## Problem details
Copy only those lines which run from the line containing "El alcalde anunció" to the end of the entries below, both inclusive, exactly as written and with no pictures.

## Entries shown
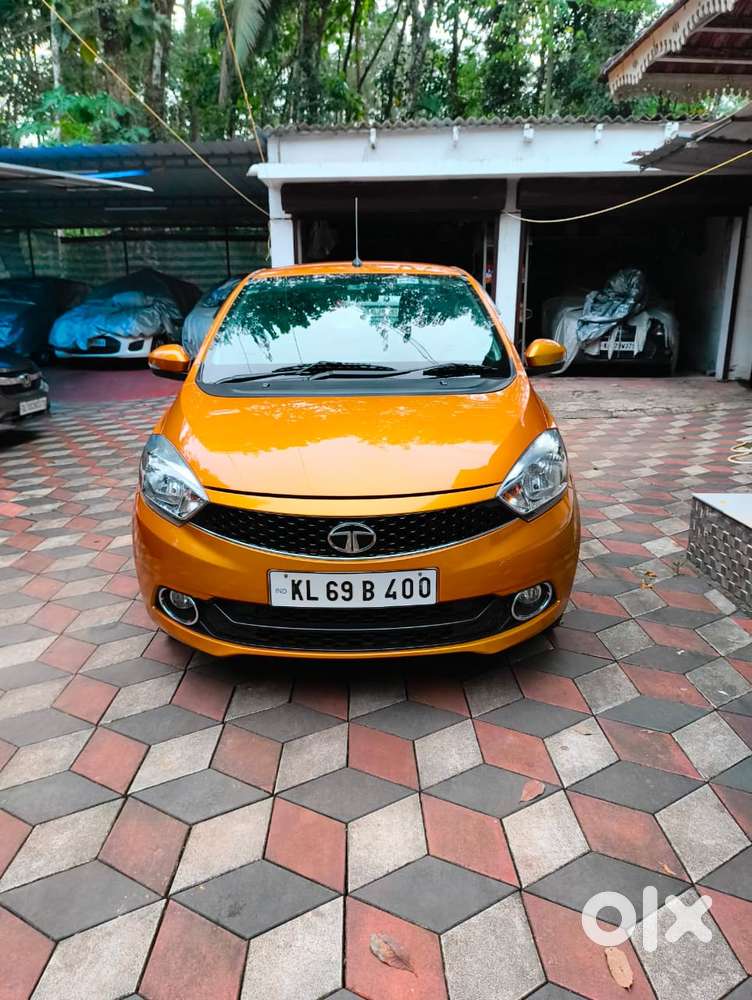 Tata Tiago 1.05 Revotorq Xz, 2018, Petrol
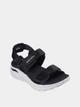 Женские босоножки Skechers 36 Черный 119465 BLK - изображение 2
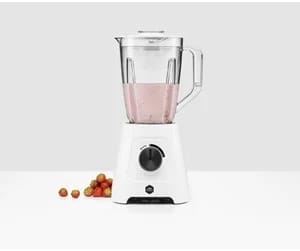 OBH Nordica Blendforce Wit 1,25 l Tafelblender 600 W voor €34,90 bij Proshop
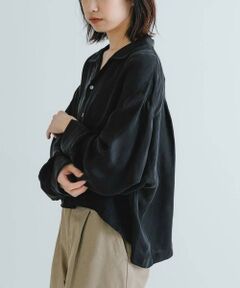 URBAN RESEARCH / アーバンリサーチ シャツ・ブラウス | new basic　キュプラショートシャツ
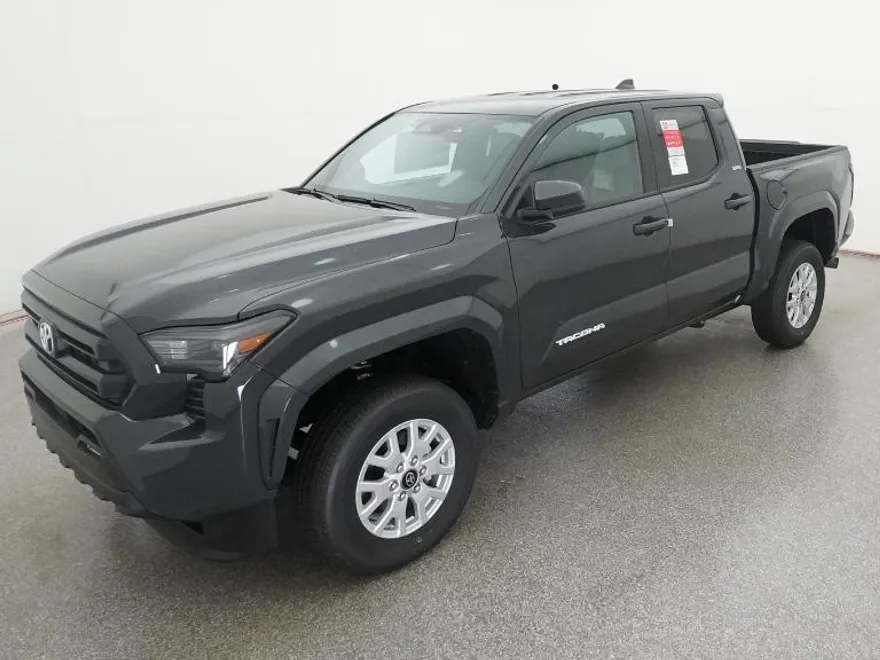 2025 Toyota Tacoma SR5 photo 1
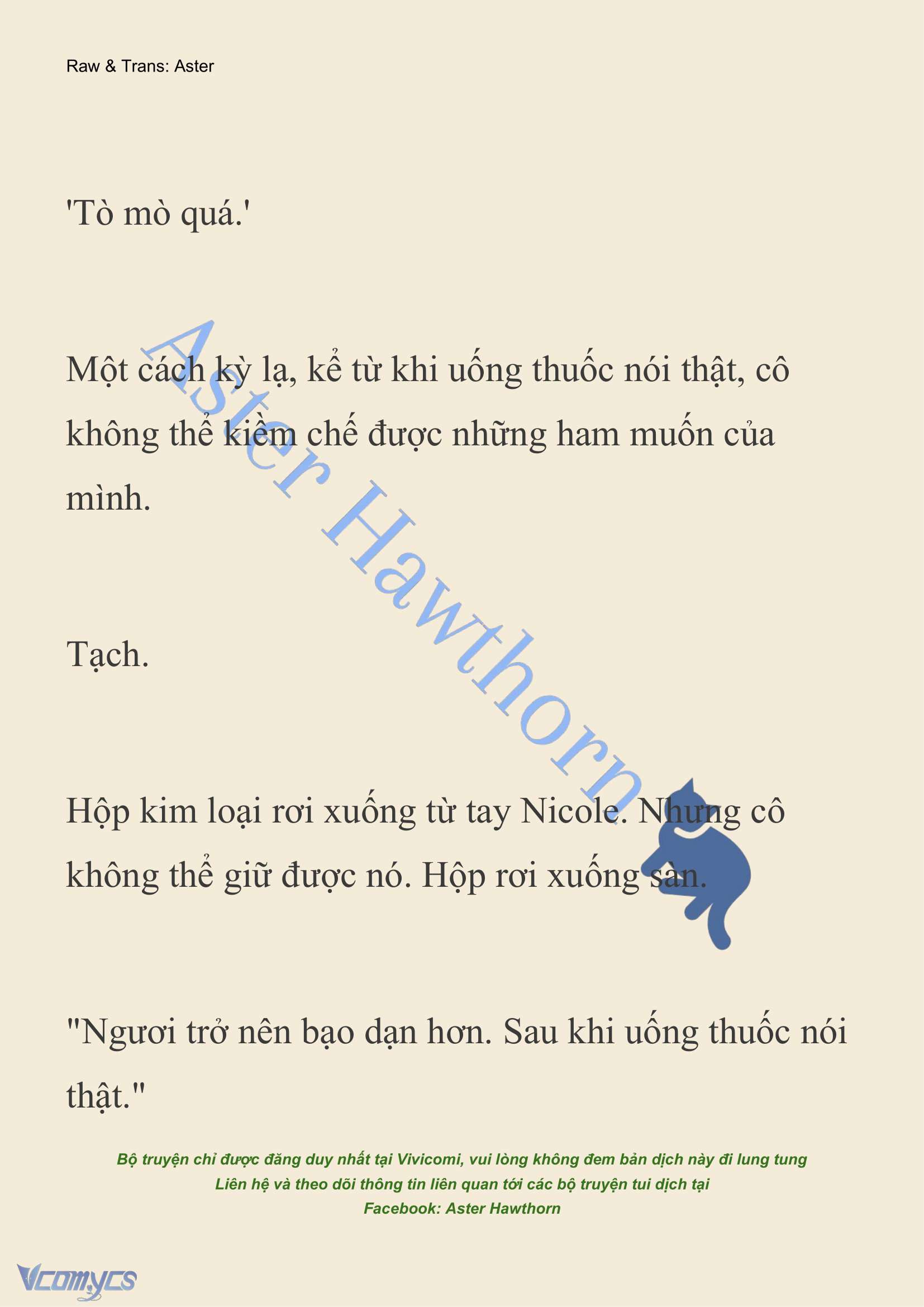 [NOVEL] Giết Cuộc Hôn Nhân Này Chap 79 - Next Chap 80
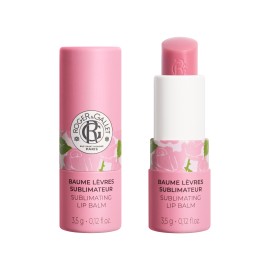 Roger & Gallet Rose Lip Balm Βάλσαμο Χειλιών με Γεύση Τριαντάφυλλο 3.5g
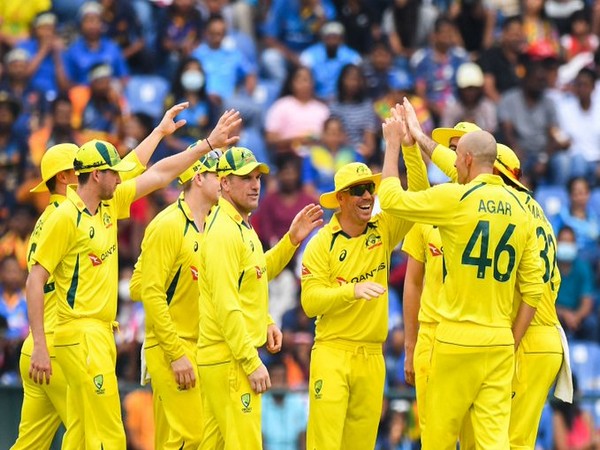 Guys got starts and didnt convert: Aus skipper Finch on loss against SL in 2nd ODI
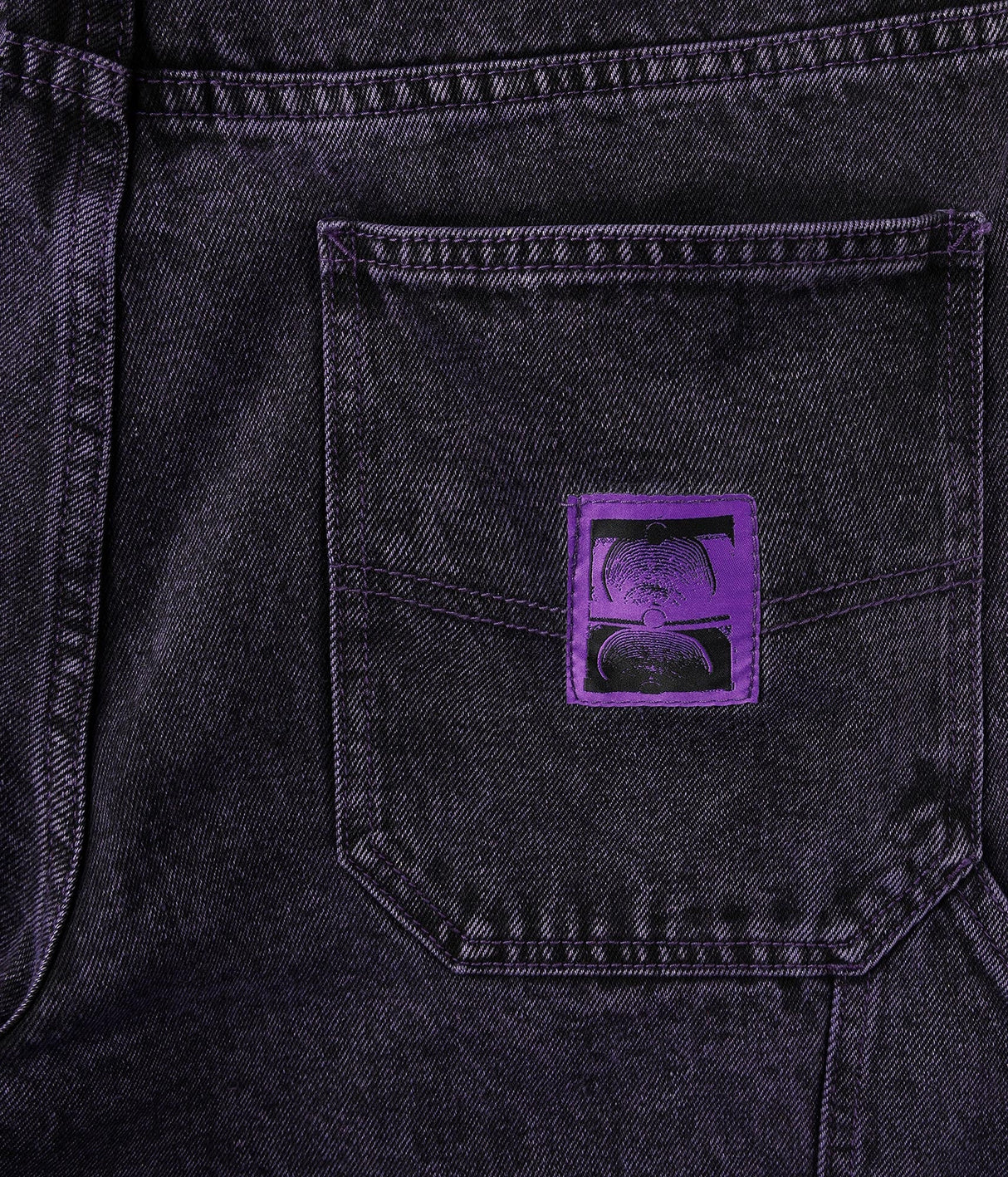 Former x Rage Distend Denim Jeans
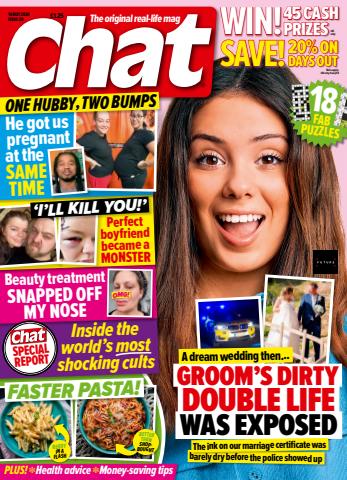 Chat issue 16th May 2024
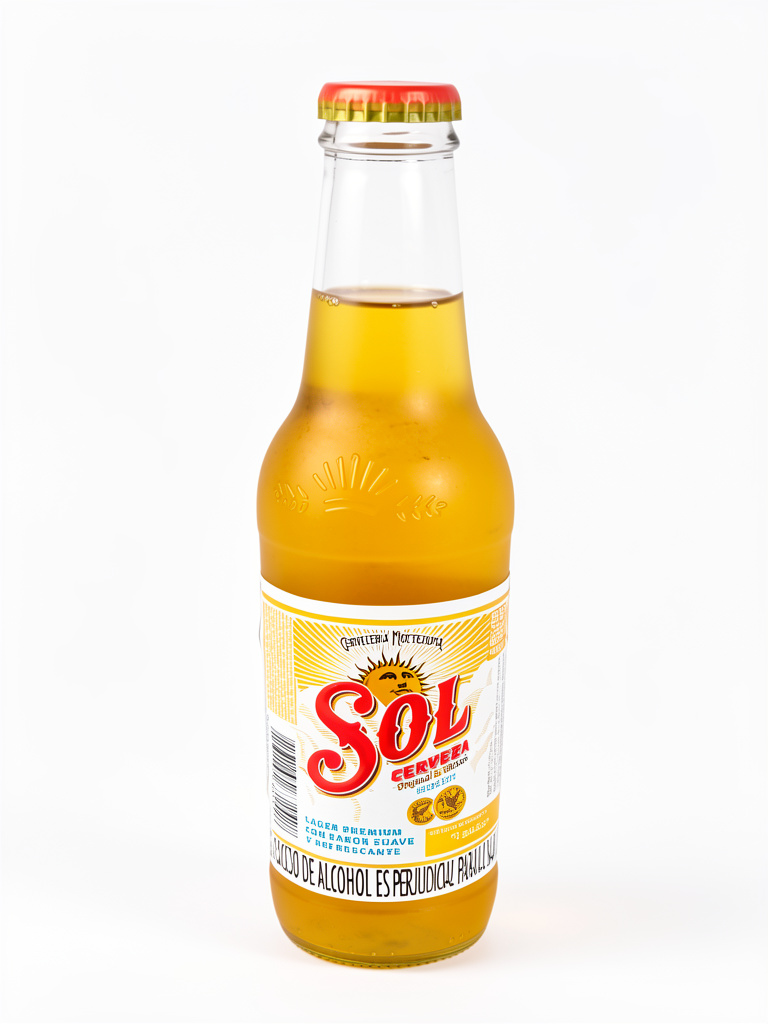 Cerveza sol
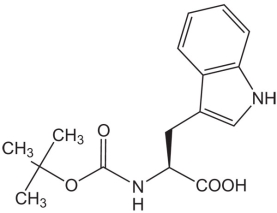 Boc-Trp-OH Novabiochem®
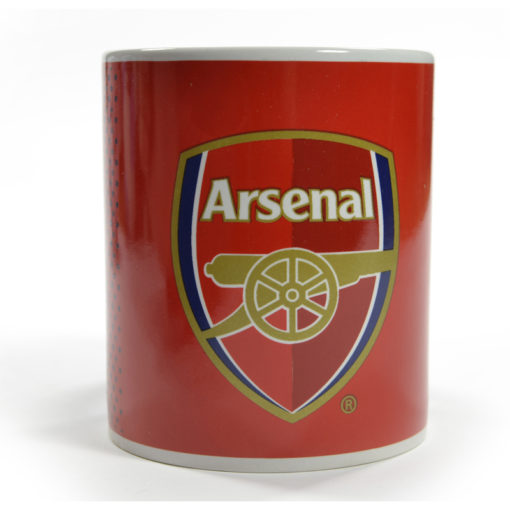 Hrnek Arsenal Fade red-blue - Image 2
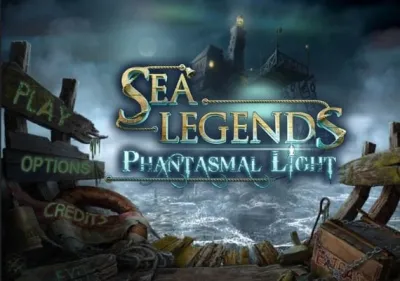 Sea Legends: Phantasmal Light Collector's Edition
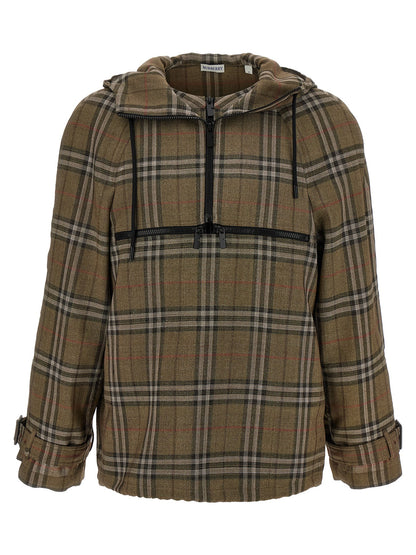 Burberry Multilayer Shirt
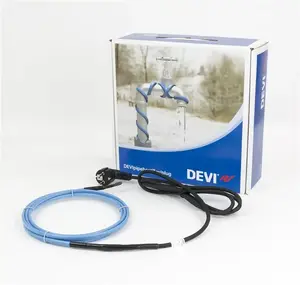 Danfoss DPH-10 Heating Cable Set, 2m, 20W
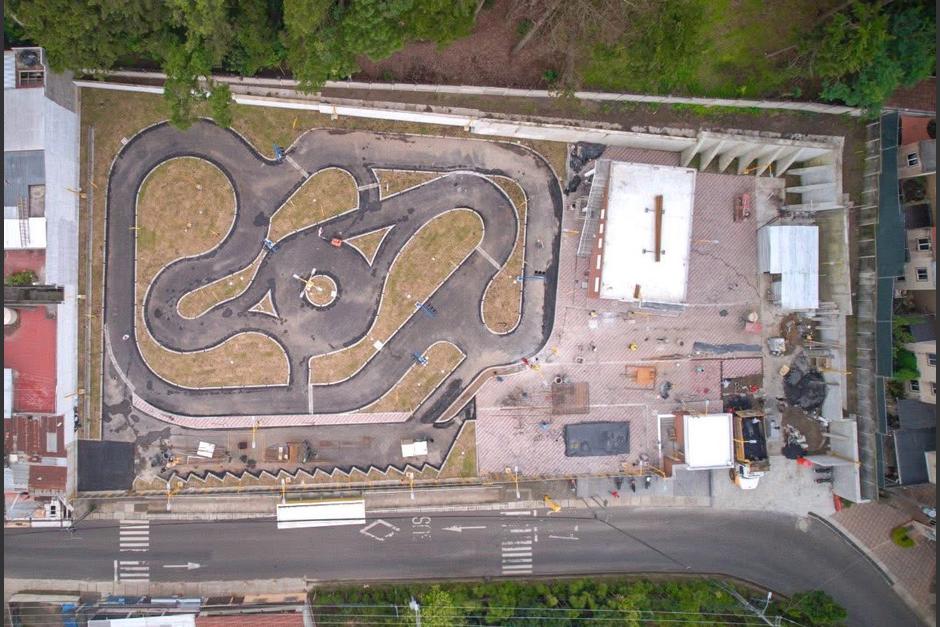 El alcalde anunció que pronto iniciarán con las inscripciones. (Foto: Sebastian Siero/X)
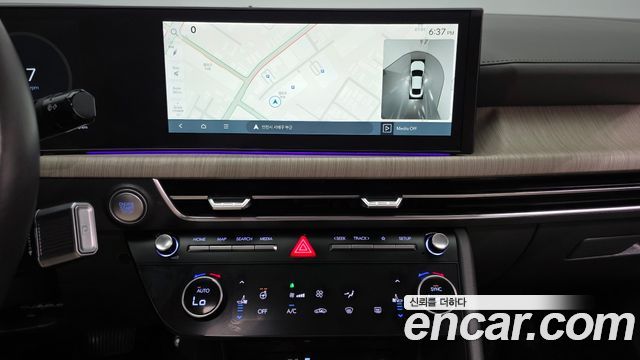 Hyundai Sonata The Edge (DN8) 1.6 Turbo Inspiration 2024 — фото 15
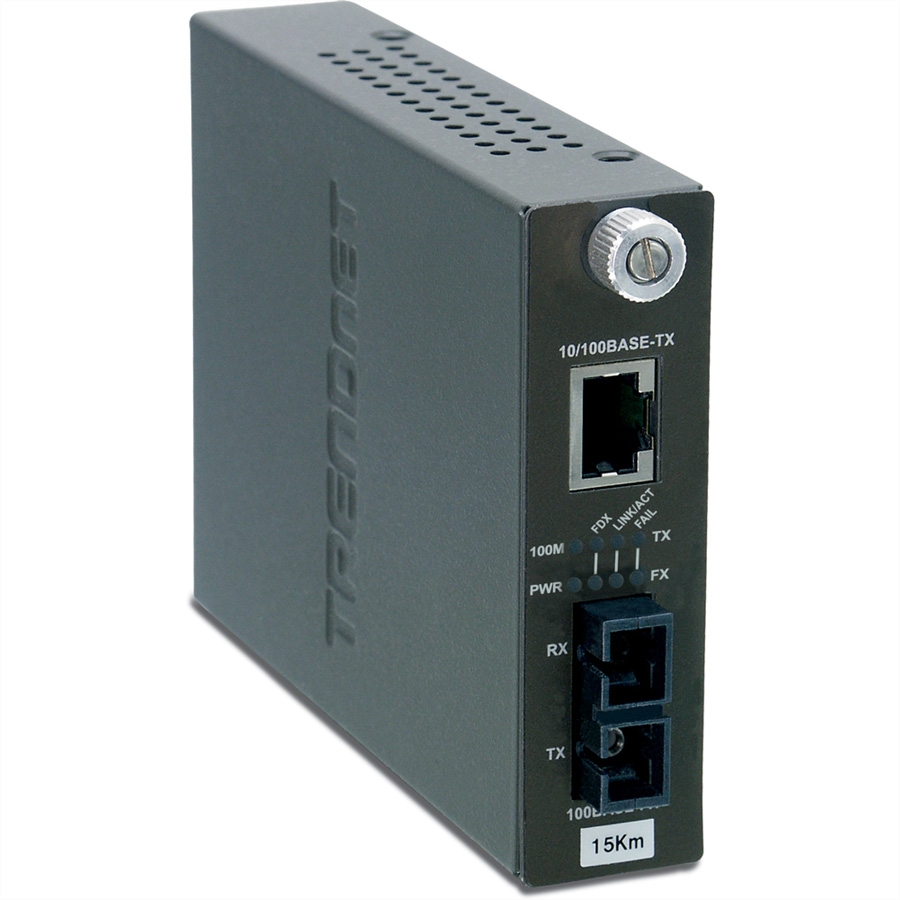 TRENDnet TFC-110S15i Fiber Converter Image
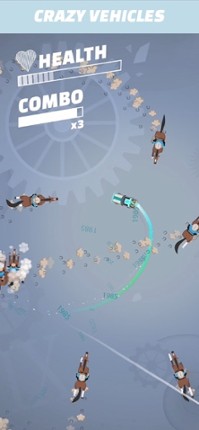 Police Pursuit screenshot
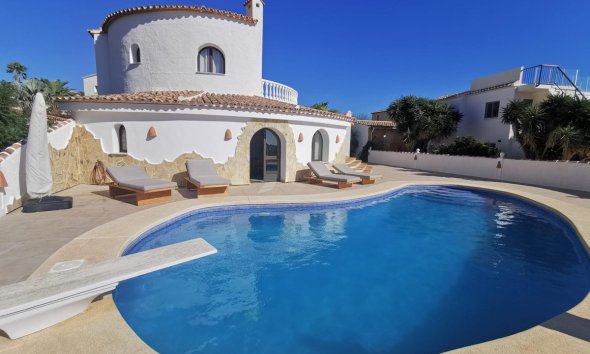 Reventa - House - Bungalow - Benitachell - Benitachell Centro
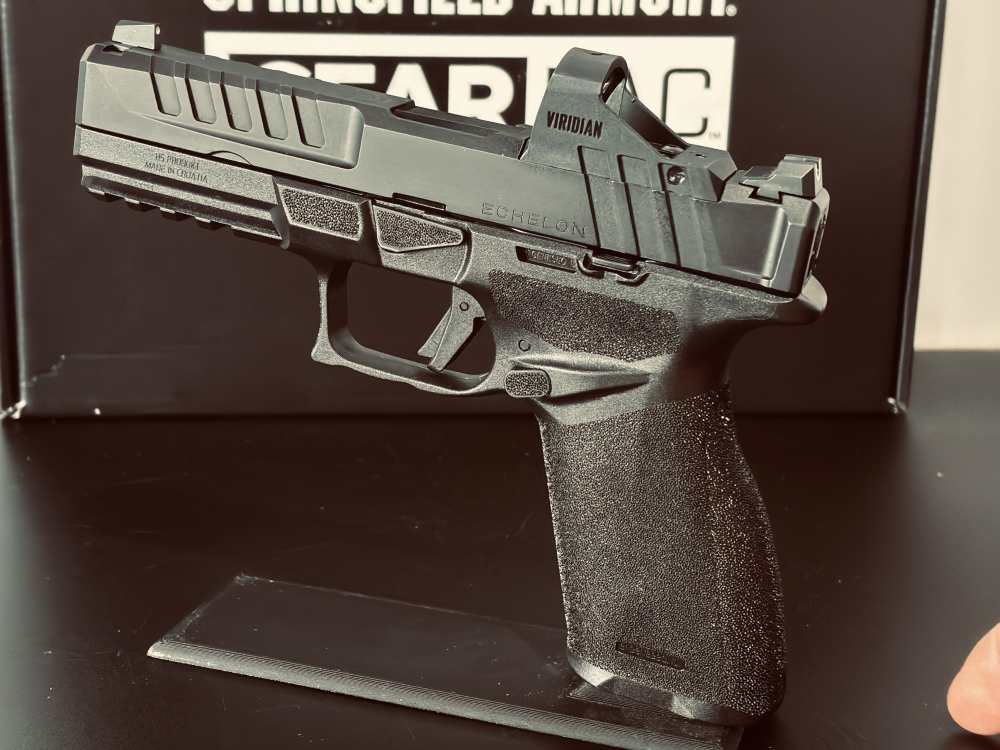 Springfield Echelon 9mm BLK 9mm Gear Up-img-8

## Problem solution
 El alcalde anunció que pronto iniciarán con las inscripciones. (Foto: Sebastian Siero/X)
 Hyundai Sonata The Edge (DN8) 1.6 Turbo Inspiration 2024 — фото 15
 TRENDnet TFC-110S15i Fiber Converter Image
 Police Pursuit screenshot
 Reventa - House - Bungalow - Benitachell - Benitachell Centro
 Springfield Echelon 9mm BLK 9mm Gear Up-img-8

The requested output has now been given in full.